*** EXERCISE DATA

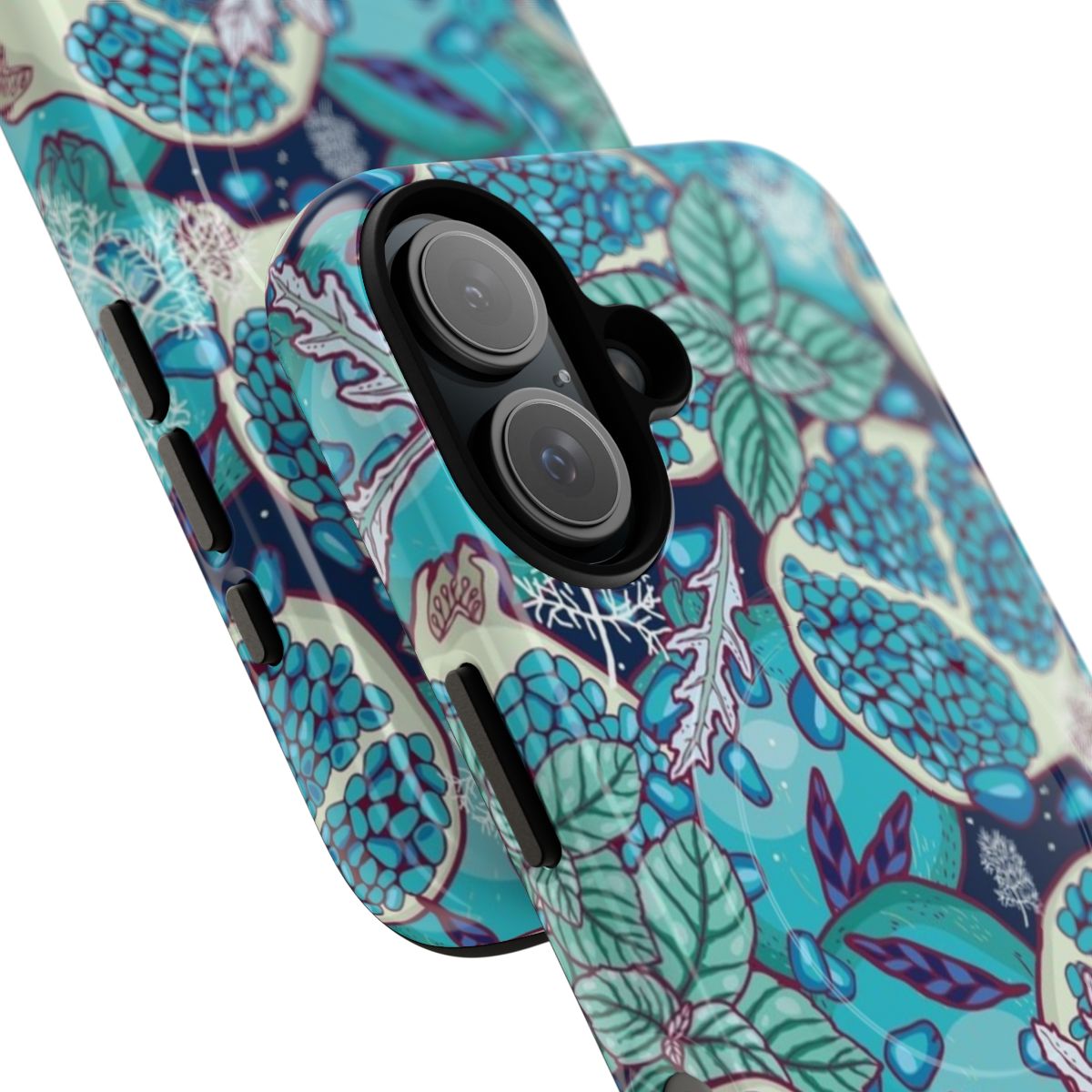 Frosty botanical phone case with icy, snowy, and floral design - Detail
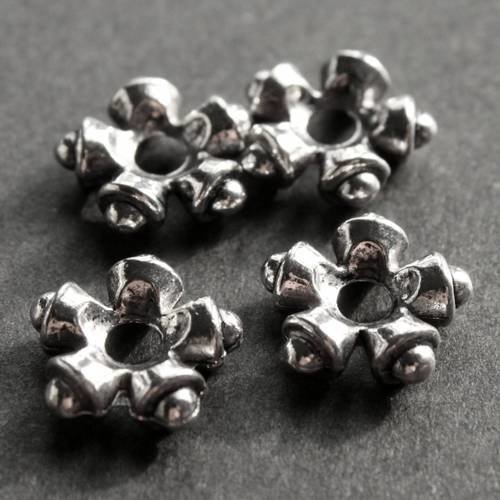 Lot de 6 perles intercalaires originales 11 mm en métal argenté effet vieil argent ---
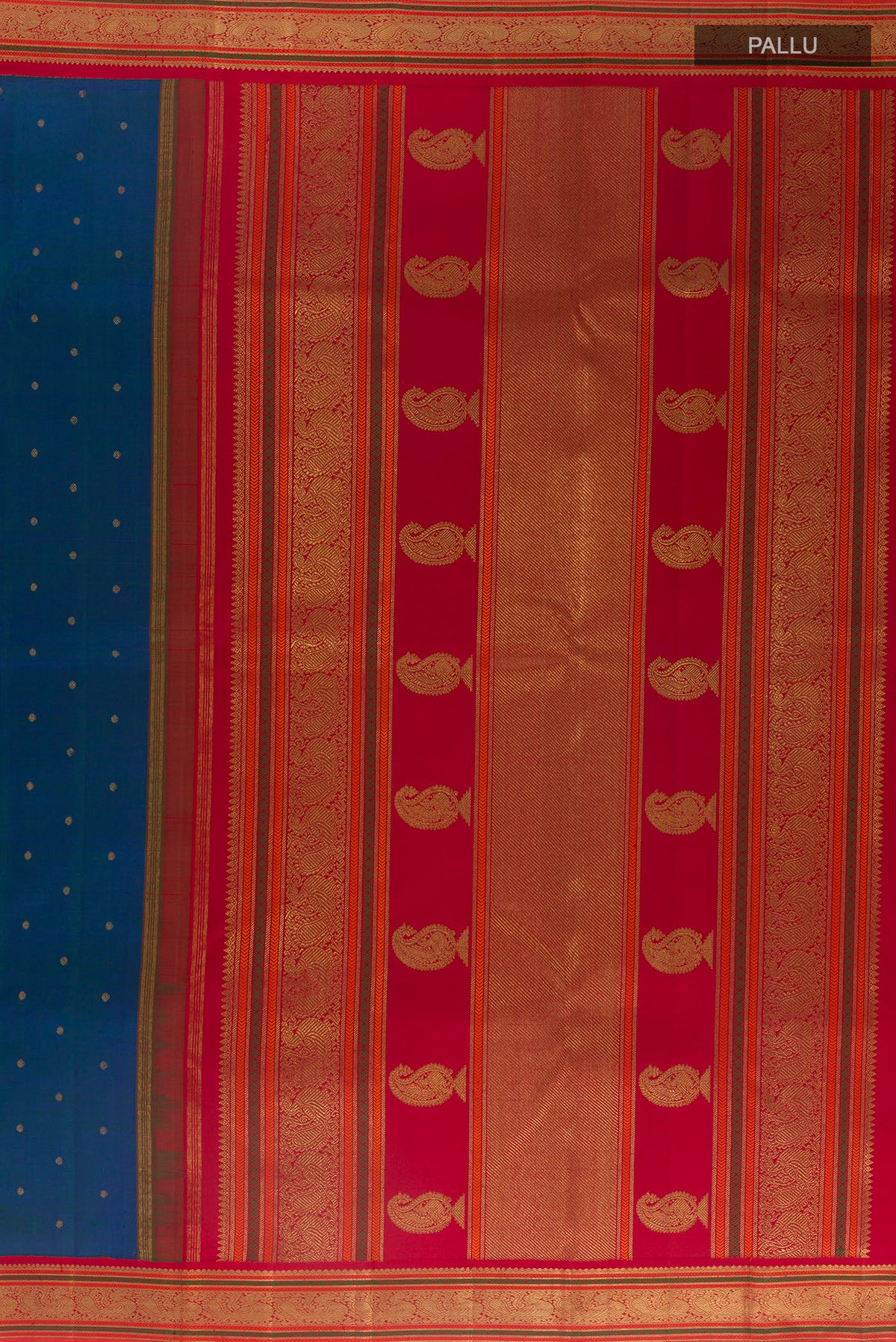 Close up image of the pallu of Pure Silk Pure Zari Blue Kanjivaram Saree with Zari Butta on the body and Zari Border.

******

:: TASK ::
Set down the material above exactly as written, but not the pictures.

:: FINISHED TASK ::
 Frosty botanical phone case with icy, snowy, and floral design - Detail
 Lot de 6 perles intercalaires originales 11 mm en métal argenté effet vieil argent ---
 Close up image of the pallu of Pure Silk Pure Zari Blue Kanjivaram Saree with Zari Butta on the body and Zari Border.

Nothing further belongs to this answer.